**Exercise directions:** Leave the pictures out and reproduce, exactly, the lines from the one with "REGULAR FIT STRIPED" through the end of the entries below.

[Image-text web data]
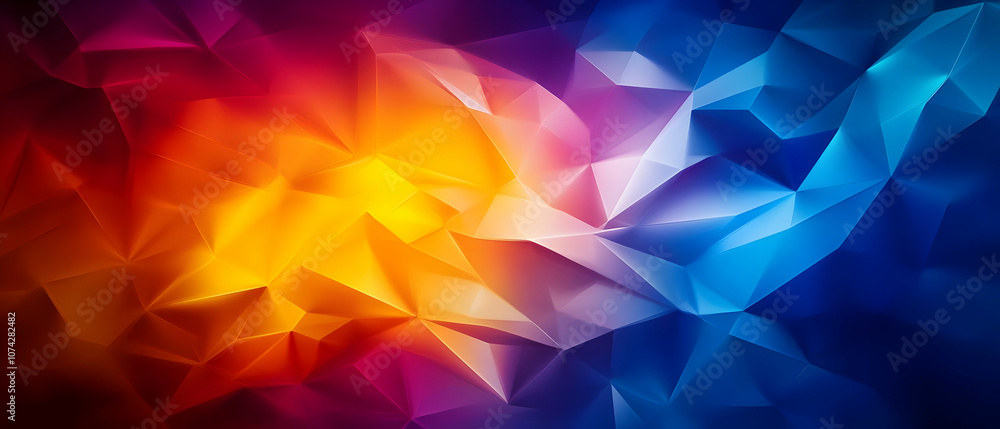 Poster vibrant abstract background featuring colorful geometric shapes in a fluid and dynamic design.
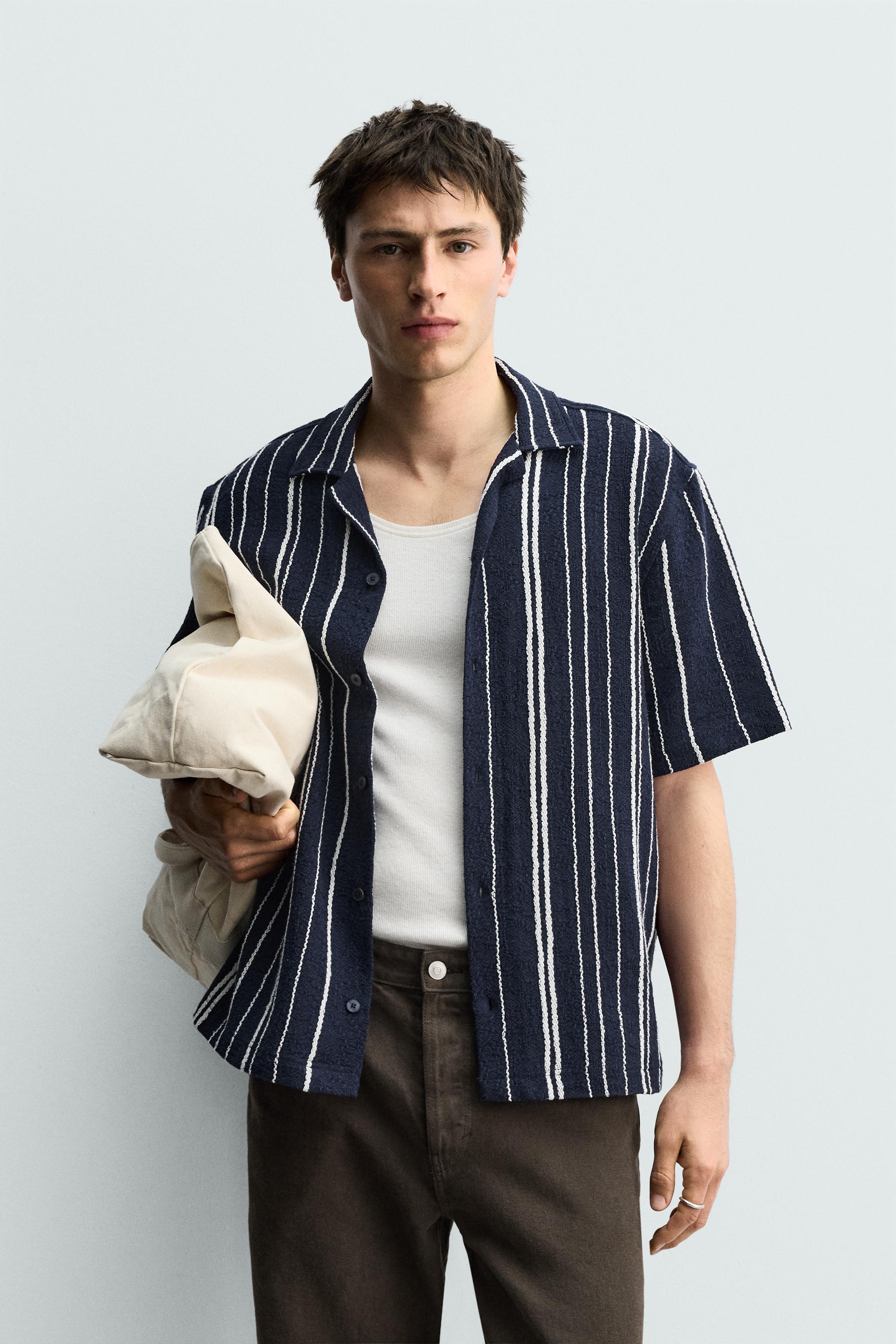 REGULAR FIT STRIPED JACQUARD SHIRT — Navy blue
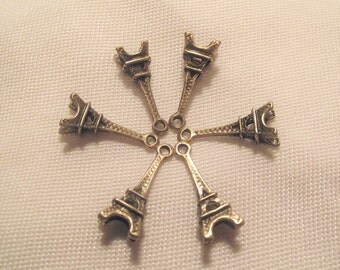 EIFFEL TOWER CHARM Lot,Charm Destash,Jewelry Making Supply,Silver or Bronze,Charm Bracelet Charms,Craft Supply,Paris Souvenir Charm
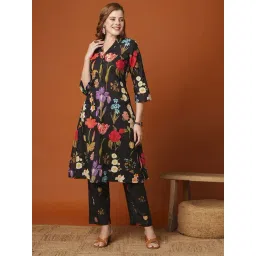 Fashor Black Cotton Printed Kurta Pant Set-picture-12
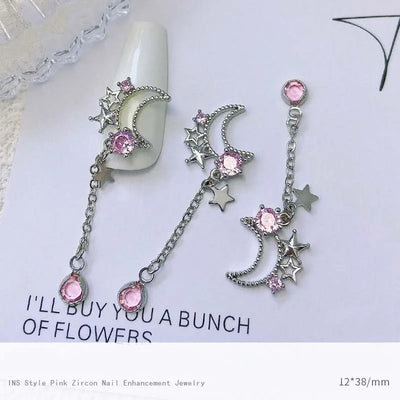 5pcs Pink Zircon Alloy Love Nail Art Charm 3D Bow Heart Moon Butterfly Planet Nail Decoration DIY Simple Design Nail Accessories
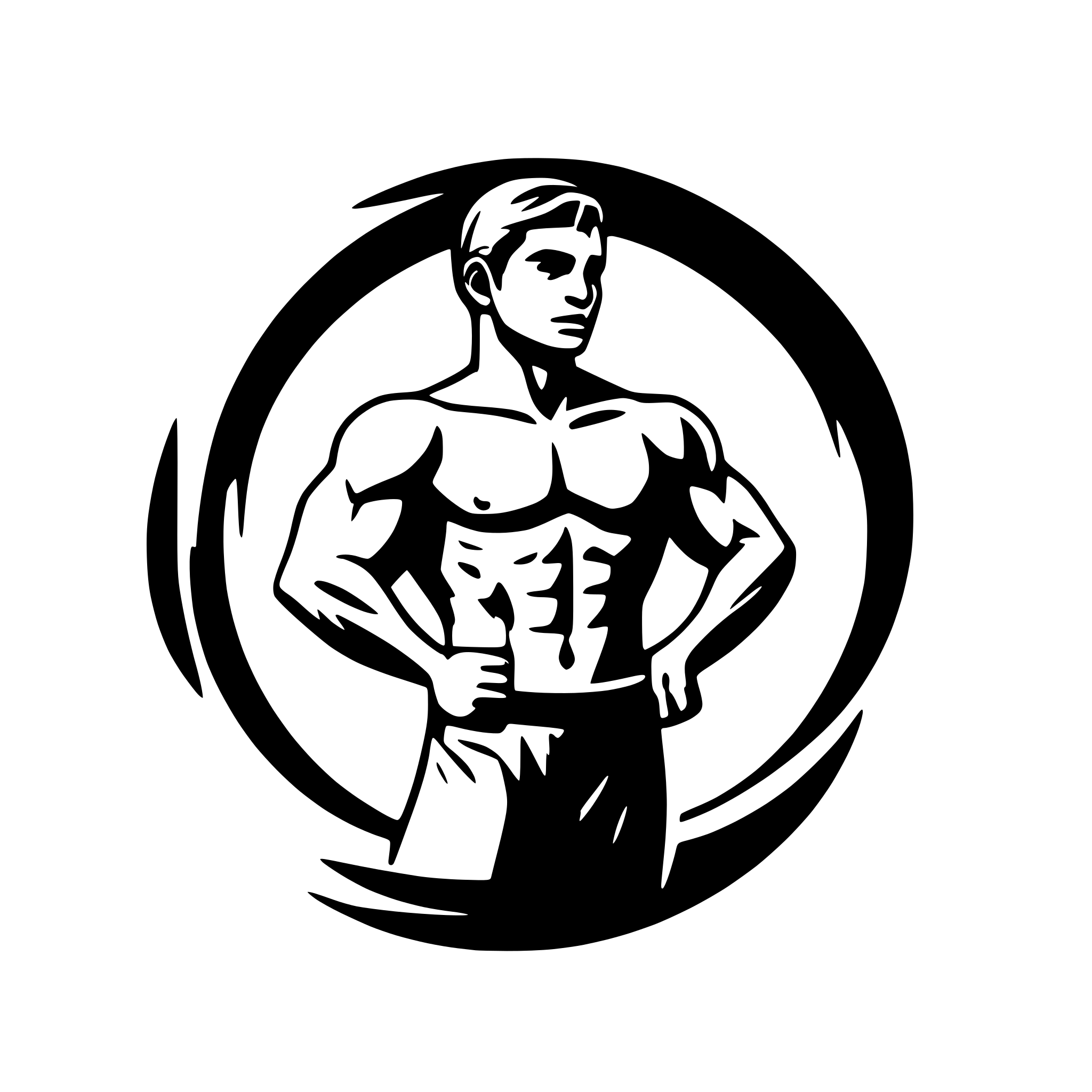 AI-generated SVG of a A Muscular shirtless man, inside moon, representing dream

**Completed task:**
 REGULAR FIT STRIPED JACQUARD SHIRT — Navy blue
 EIFFEL TOWER CHARM Lot,Charm Destash,Jewelry Making Supply,Silver or Bronze,Charm Bracelet Charms,Craft Supply,Paris Souvenir Charm
 Fashor Black Cotton Printed Kurta Pant Set-picture-12
 5pcs Pink Zircon Alloy Love Nail Art Charm 3D Bow Heart Moon Butterfly Planet Nail Decoration DIY Simple Design Nail Accessories
 AI-generated SVG of a A Muscular shirtless man, inside moon, representing dream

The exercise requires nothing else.